But the greatest delight of all was to be allowed to be present at grandmamma’s toilet, to watch her hair being dressed, and see her arrange her curls, as she always did herself, with her own hands. Her hair was coiled round at the back, and a piece of black lace hung over it, and then in the front the mass of soft little curls shaded her forehead most becomingly, after the fashion of her youth, to which she always clung. Nor did she ever change the style of her dress, during all the years of her widowhood. Her dressing-room seemed to me quite a little sanctuary, so dainty and sweet, with the delicious smell of the rose-water she used to bathe her eyes, and all the beautiful glass-stoppered bottles set out on the toilet-table, and yet there were no toilet arts or mysteries at all, nothing that need be concealed from a child’s gaze.
Grandmamma often stayed with us for months together, for my mother and she were intensely fond of one another, and there was even a great likeness between them, which was not surprising, as they were first cousins. She wrote a great deal, had a special facility with her pen, and many a document for the use of her stepson was drawn up by her. French she wrote with perhaps even greater ease, always employing that language for any notes she made for her own reference, for it was of course the language of her youth, being spoken exclusively at the German Courts in the old days. My mother also spoke it before she could speak German, hardly knowing a word of the latter language at the time of her father’s second marriage.
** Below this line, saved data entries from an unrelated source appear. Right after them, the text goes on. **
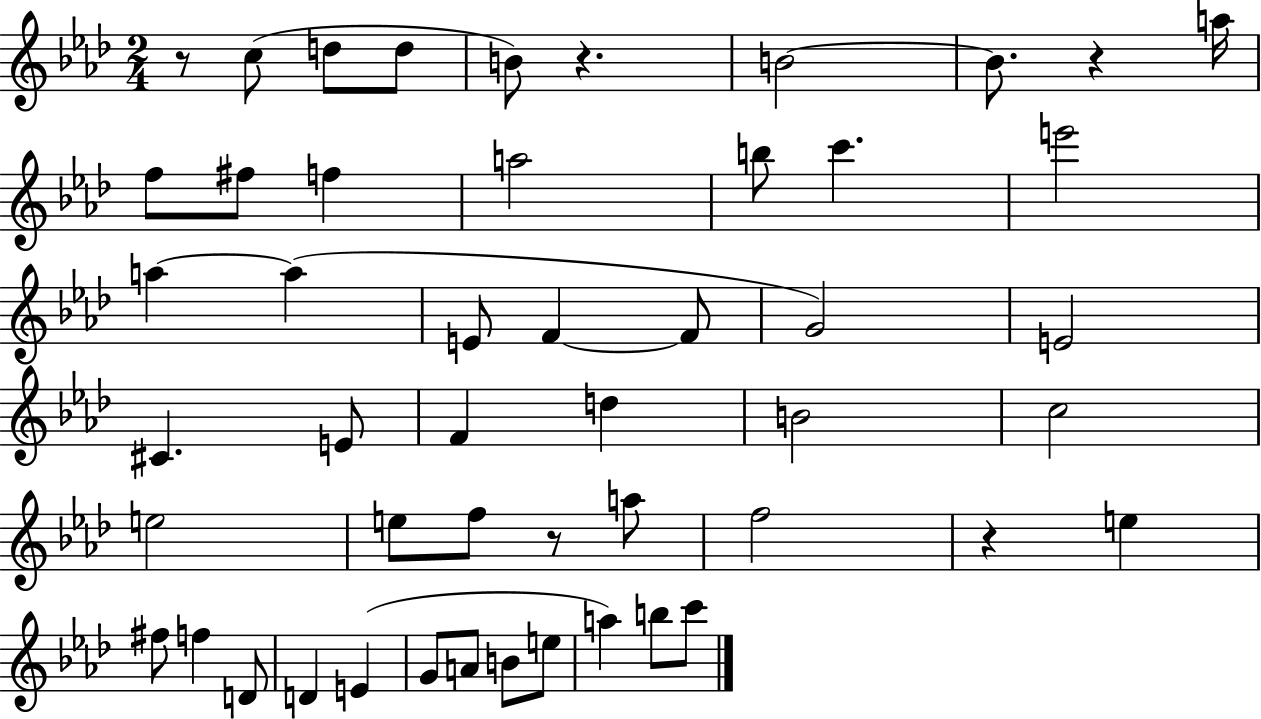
{
  \clef treble
  \numericTimeSignature
  \time 2/4
  \key aes \major
  r8 c''8( d''8 d''8 | b'8) r4. | b'2~~ | b'8. r4 a''16 | \break f''8 fis''8 f''4 | a''2 | b''8 c'''4. | e'''2 | \break a''4~~ a''4( | e'8 f'4~~ f'8 | g'2) | e'2 | \break cis'4. e'8 | f'4 d''4 | b'2 | c''2 | \break e''2 | e''8 f''8 r8 a''8 | f''2 | r4 e''4 | \break fis''8 f''4 d'8 | d'4 e'4( | g'8 a'8 b'8 e''8 | a''4) b''8 c'''8 | \break \bar "|."
} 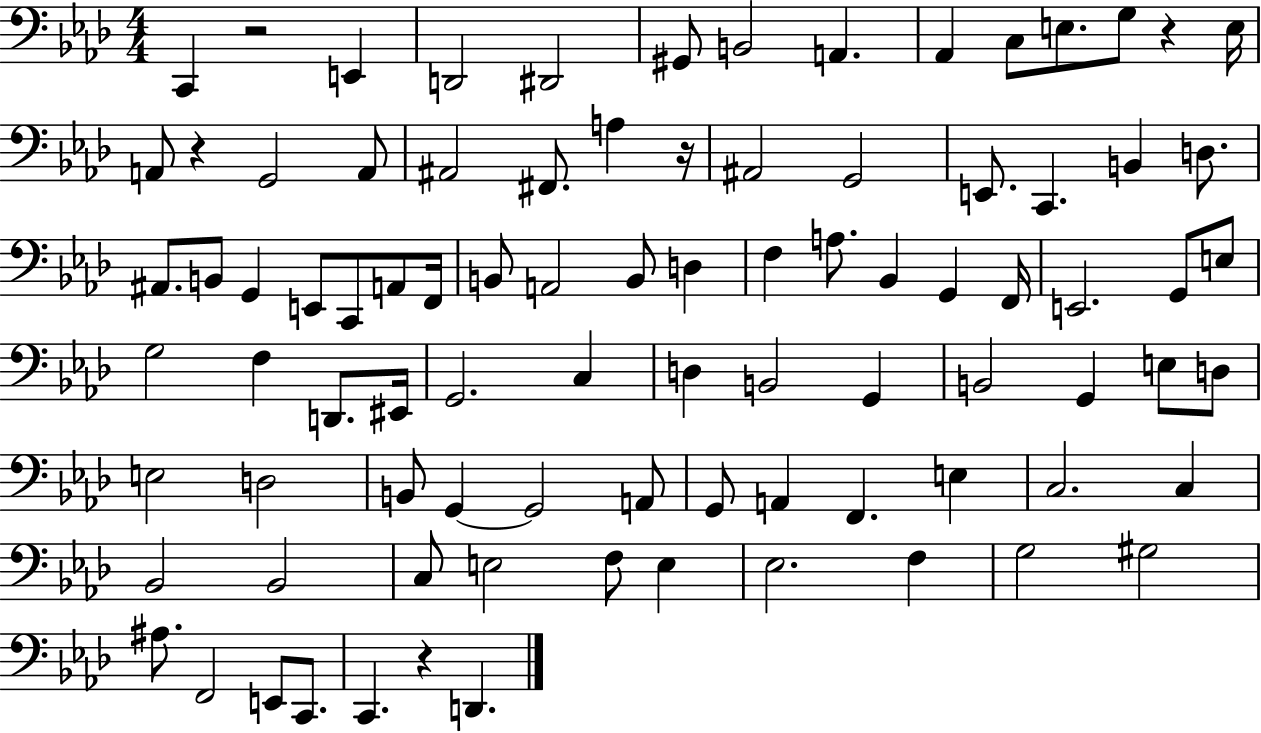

The year 1848, so full of unrest throughout Europe, did not pass unfelt in Nassau. My uncle, the Duke, was absent when the revolution broke out, and an angry mob collected round grandmamma’s palace in Wiesbaden, and even began piling faggots at every corner, with the evident intention of setting it on fire. Then when popular excitement was at the highest pitch, two or three delegates of the revolutionary party came up to demand of any members of the ducal family the signing of the new constitution. There was no time for reflection; grandmamma had to sign the paper herself, and let her son Nicholas, a boy of fourteen, do the same, and then she took up her stand on the balcony, with what outward calm she might, but in her heart longing for her stepson to return and restore order. At last, to her relief, she perceived the plumes of his helmet on the other side of the square, and soon could recognise him, in full uniform, making his way quietly on foot through the thickest of the crowd. He had heard the news of the revolution at Frankfort, and jumping on the first railway-engine that left, came back with all speed. In her joy grandmamma waved her handkerchief as a signal, and in a moment, from all the houses round, whose inmates had been watching the course of events behind closed windows, countless handkerchiefs were waving also, notwithstanding the danger of thus attracting to oneself a shot from the insurgents. There was an anxious pause whilst the Duke came forward to the edge of the balcony, and leaning over, called down into the crowd below, in a clear and decided if not very well-pleased tone of voice,—“The engagement my mother and brother have entered into for me, I will fulfil!” The last syllable echoing across the square with cutting emphasis, as I have often been told by those who were present at the scene.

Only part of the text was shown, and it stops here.